All things considered, Council of Fashion Designers of America president Steven Kolb should be personally thanking Christian Siriano — who presented his 10th anniversary collection on Feb. 10 — for revitalizing a roster of mostly fine but generally forgettable collections in this year’s New York Fashion Week.
It’s easy to feel jaded about NYFW in its current form. Several designers have left for other cities, industry turnover and turmoil are rampant, and the existential dread of it all is draining — a feeling not placated when usually reliable designers release disappointing collections. Siriano’s show at the gilded Grand Lodge in New York City, however, offered a take on the new American aristocracy that fused the best of the past with the most promising parts of the future.
The casting, for example, maintained the new standard for diversity and inclusion for which Siriano might be credited with trailblazing. In addition to the tallest and thinnest across races, Siriano cast powerhouses like Ashley Graham (who opened the show), gender nonconforming breakout star Avie Acosta, Danielle Brooks of Orange Is the New Black and Selma Blair, both of whom received applause for what were exceptionally fierce walks.
Speaking of celebrities, Siriano’s used to having a stacked front row of stars who gush about how much they adore him both as a designer and a person. This season, Laverne Cox cheered on Brooks while Meg Ryan chatted up Molly Shannon, who was seated next to Cardi B. Whoopi Goldberg — whose fashion week appearances this season have been a delight — also sat in the front row.

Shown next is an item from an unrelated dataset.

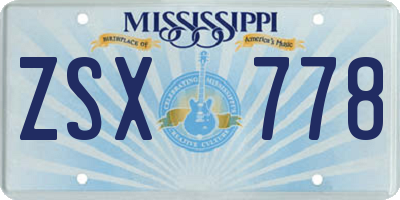 MS license plate ZSX778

For all those stars, Siriano offered an extraordinary collection. Inspired by late 18th century British art, according to the show notes, regality was on high: plush coats in jewel tones, rich velvet, jacquard suiting, feathered hats and headbands, and opulent crystal cage collars on evening gowns evoked the richness of European aristocracy to a modern America sorely lacking gentility.
There were, of course, the kinds of billowing silhouettes for which Siriano is known and at which he excels. Those would be enough of a statement on its own, but for safe measure, Siriano also included turtlenecks that, in theory, would seem out of place in this collection. Ultimately, the addition punctuated an indelibly strong message: Christian Siriano has solidified his position atop American design royalty.
Goldberg, who spoke with Yahoo Lifestyle, recounted her love for Siriano.
“I’ve loved it all. [Siriano] is one of my favorite people, and I feel like fashion week is turning into people’s week. There are so many different body types that made me happy.”
While a royal family may not have a place in American democracy, fashion’s newest king certainly serves symbolic value: The people can look up to Siriano and see the best of themselves.